25th Anniversary Issue
Current 25: Legacy of coal, sprawl, and asphalt giving way to a 'greener' way of planning in SA
Published: June 1, 2011
Mayor Julián Castro’s enthusiasm for reanimating downtown, expanding the city’s greenways, and putting bicycles back on the map were preceded just a few years ago by a man destined to go down as San Antonio’s first “green” mayor. Phil Hardberger’s vision of Mission Verde, an economics-heavy sustainability plan unanimously adopted by the City Council in 2010, was somewhat controversial inside the business community when first announced at 2009’s State of the City Address. And yet several years later — and two years into a new administration — it reverberates still in the way our leadership, utility, and economic development interests pursue its core principal of clean-technology development. Last week, I spoke with Larry Zinn, Hardberger’s chief of staff and now president of the Tejas Verde Group, a clean-tech development company, as he was preparing to travel to Curitiba, Brazil, to address an international conference on sustainable development in the Americas.

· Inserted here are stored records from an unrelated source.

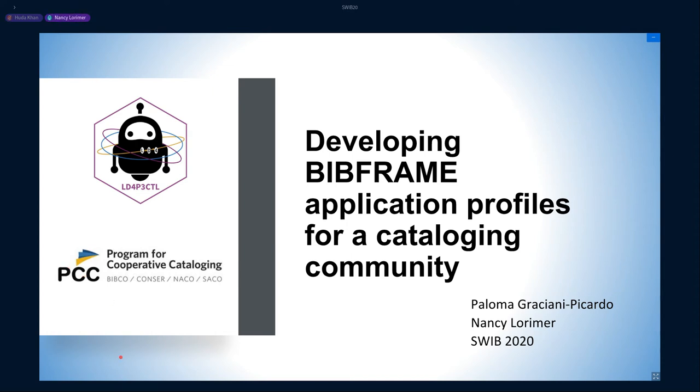Hello everyone, and thank you for attending this talk from wherever you might be in the world. Paloma and I will be talking about the development of BIBFRAME application profiles in the form of cataloging templates for use by members of the Program for Cooperative Cataloging, also known as PCC. I will start with some background and framing of the project, and Paloma will finish with a description of our templates and discussion on the challenges, expectations, and next steps.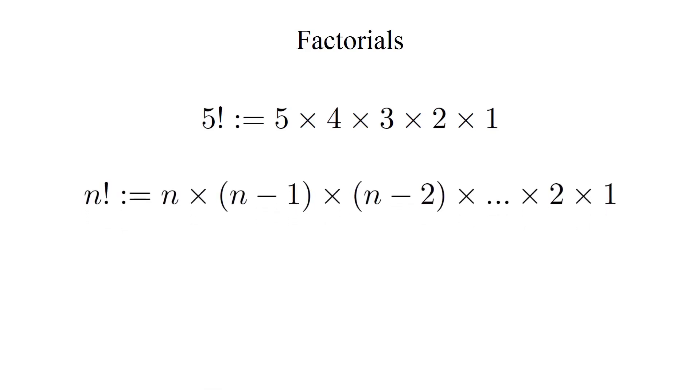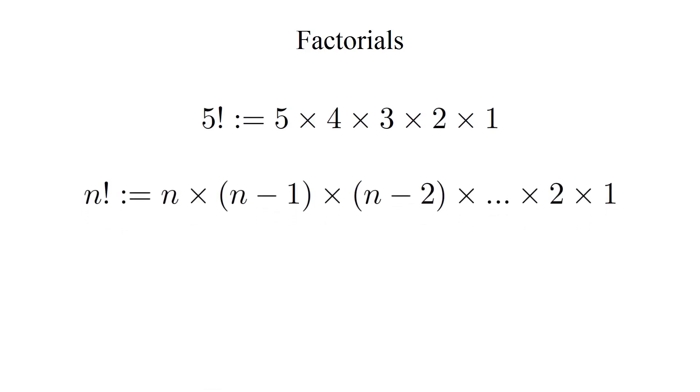And for a generic integer n, n factorial is the product of n with n minus 1 and n minus 2, all the way down to 1.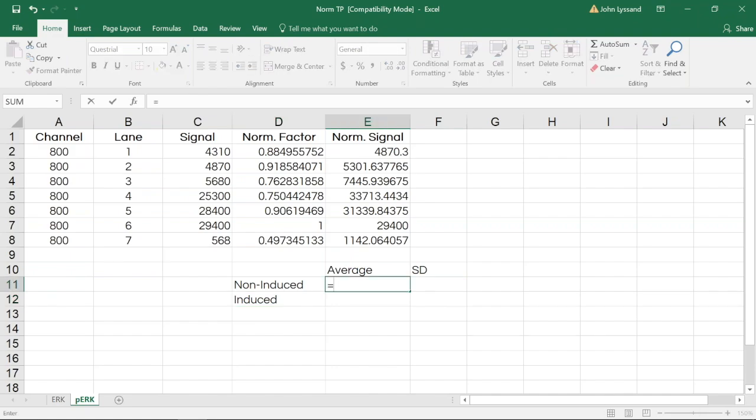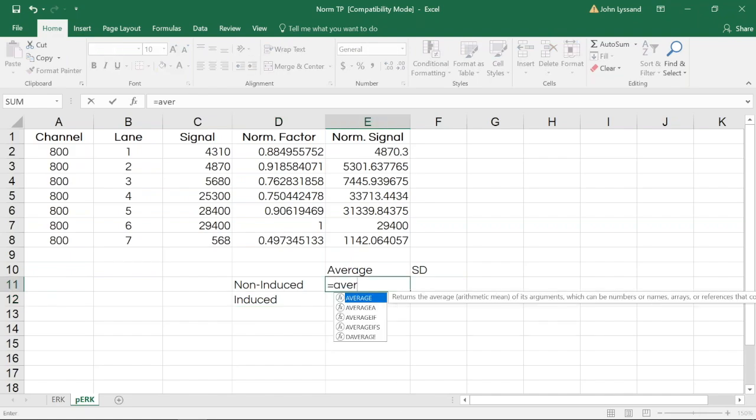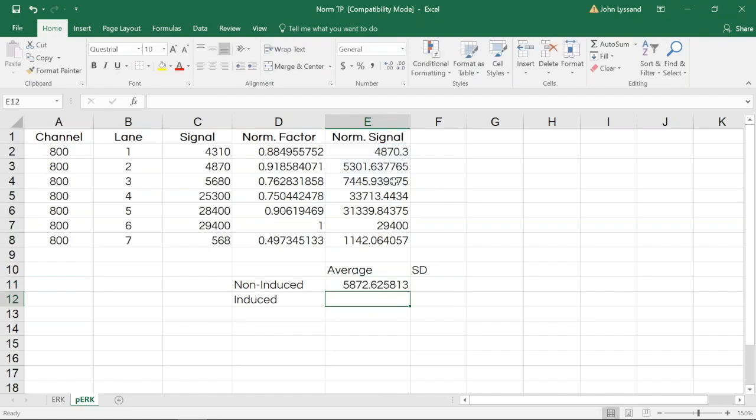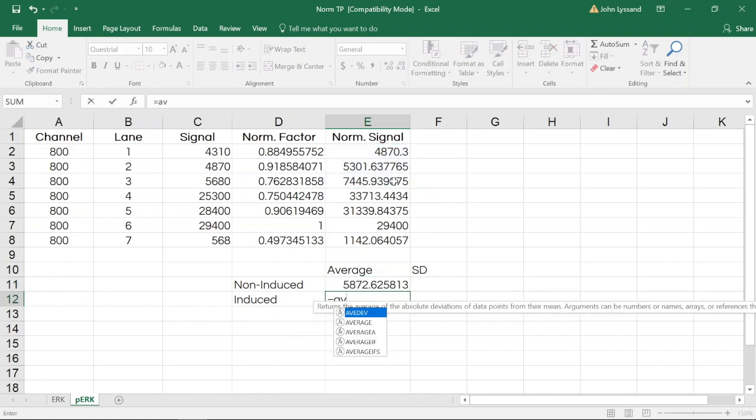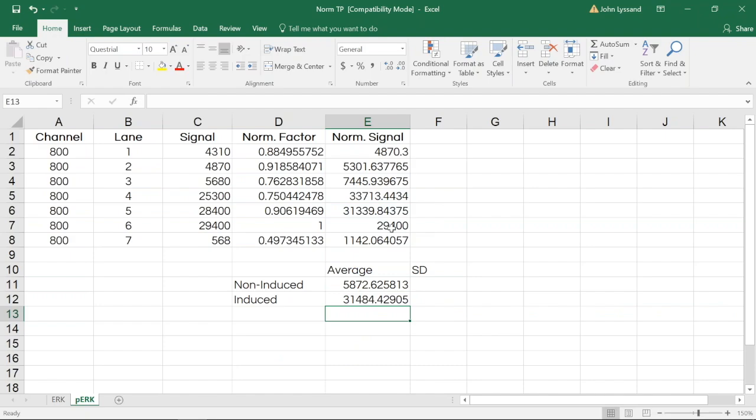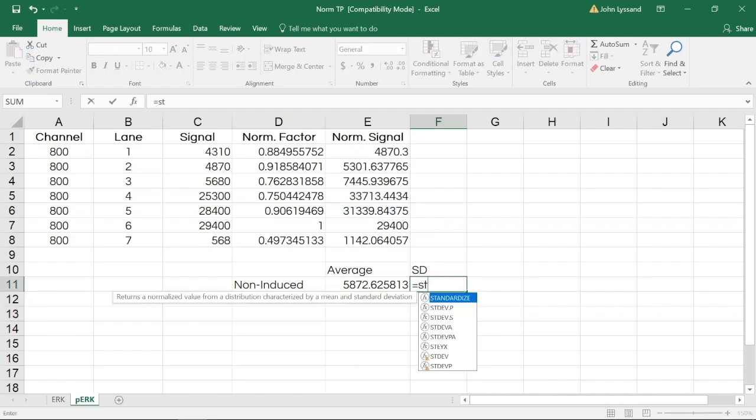Using Excel functions, we can find what the average of each of these sets are, as well as what the standard deviation of each was.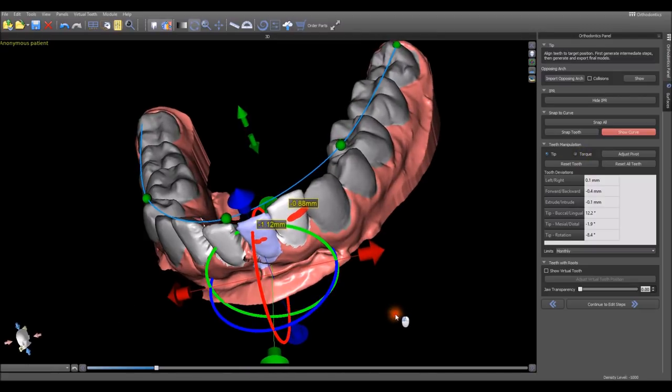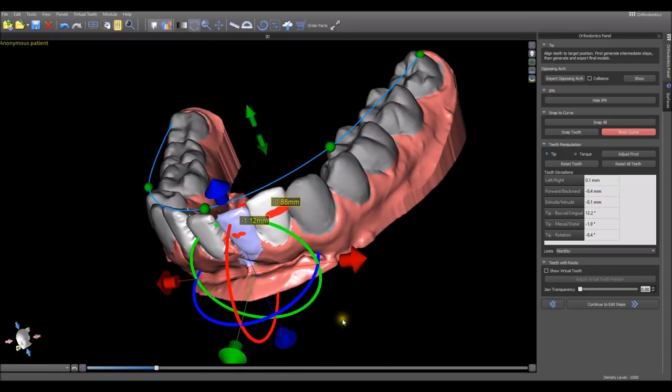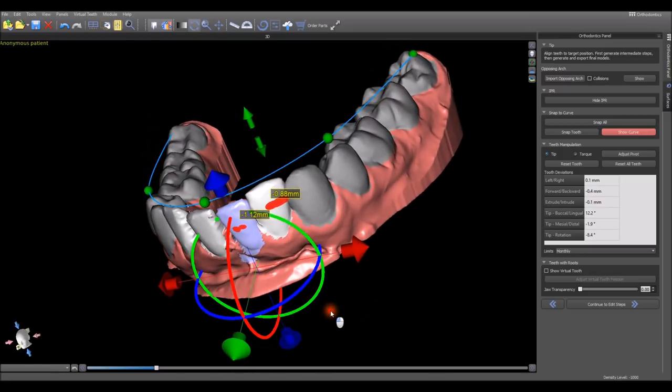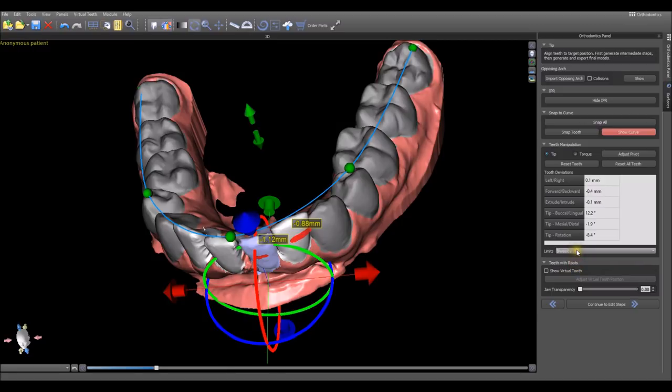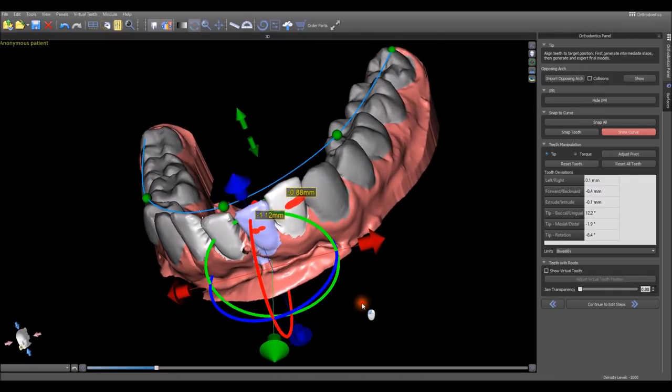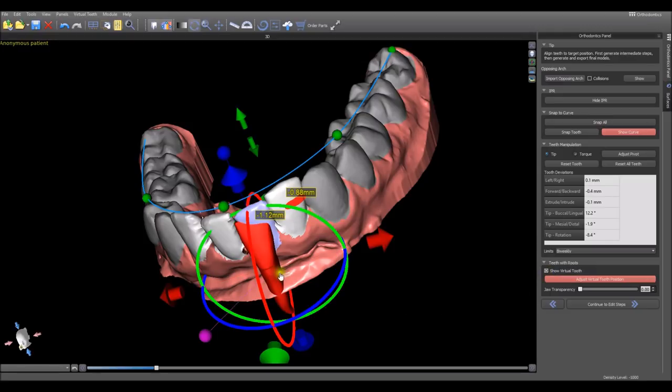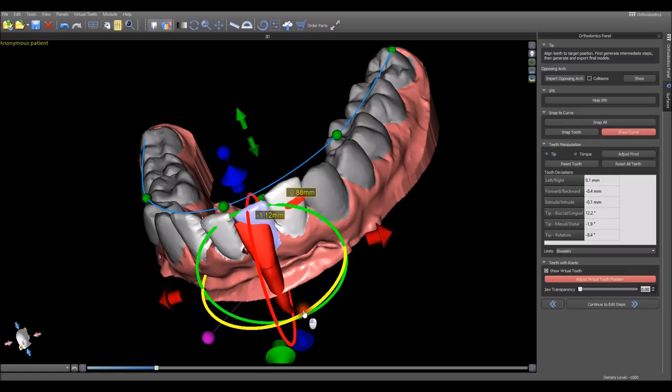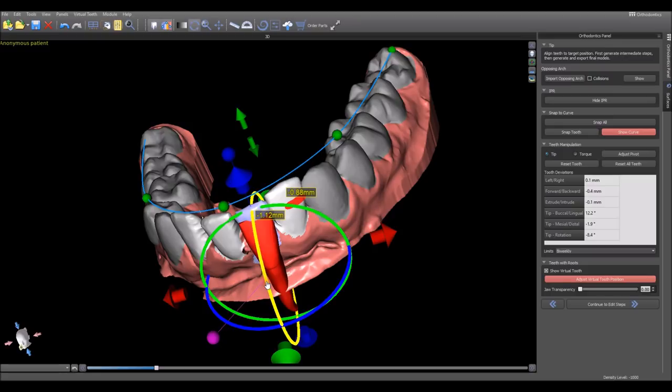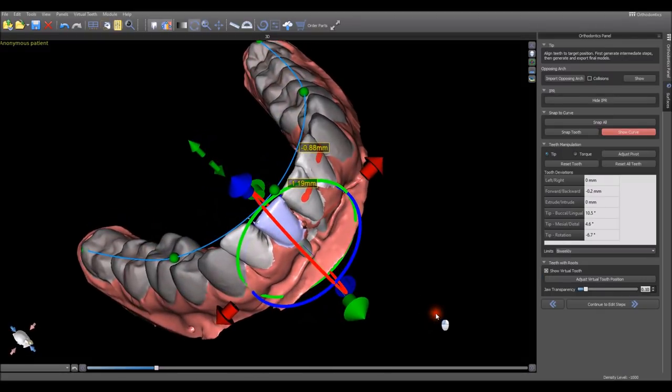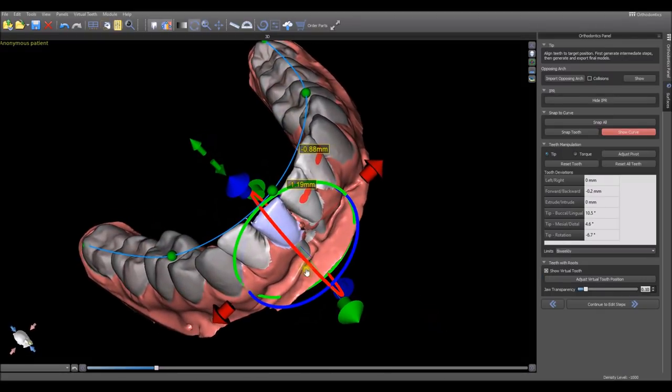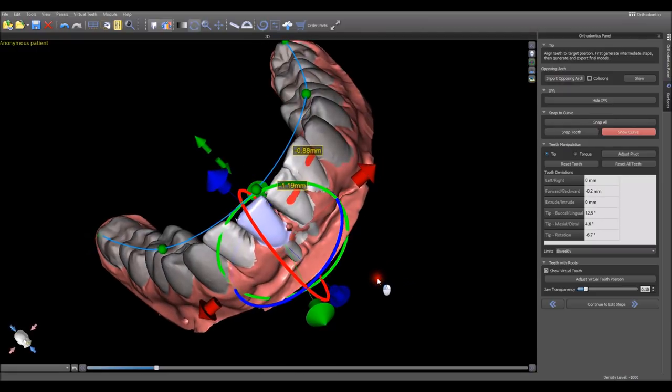The software is going to be creating the incremental model steps for the liners. Here you can select if you want the steps to be based on monthly, bi-weekly, or weekly calculations and the software will adjust automatically. We've also added the ability to add a virtual tooth. When you click this, you can see a virtual tooth is placed close to the tooth and you can use the widget to fine tune the placement. This allows us to rotate the teeth and see how it affects the approximate root position.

How did Mission Verde get started when it did?
The time was right. One thing I learned during my time at City Hall is that cities, much like people, have life cycles. They age, they decline, they rejuvenate, and there are certain moments in a city’s history where a decision made during that time decides its fate for generations to come. This was such a time. We lived in such a time in San Antonio both then and now. That’s because, not so much that there’s such a big environmental movement, but that it’s going to be such a huge economic [movement]. These things only come along about once every 100 years. And cities that don’t catch those big economic movements get left behind. History is littered with cities, and states, and regions, and countries that did not embrace the future at a time of dynamic change and as a result are left behind. We were a little farther behind than a lot of other people. Some were early adopters.
New York, Chicago, Seattle?
I’m thinking of Berkeley, possibly Chicago. Take a look at Portland: Portland made a decision in the 1980s and ’90s that instead of building a large interstate network to move traffic around their city that they were going to go to a multi-modal, public transportation system with dense urban development. They made that decision. And I would call Portland today one of the most sustainable cities in the country. I’m going in a couple weeks to a city called Curitiba in Brazil, it’s about the same size as San Antonio. They had a mayor in the 1970s and ’80s that made a decision, the same kind of decision that Portland made, and they now have a built-out rapid-transit system, lots of green space, and they’re considered one of the most sustainable cities in the world. San Antonio could not have made that decision 20 years ago. Politically it would not have been viable and the outside world was not ready to embrace that.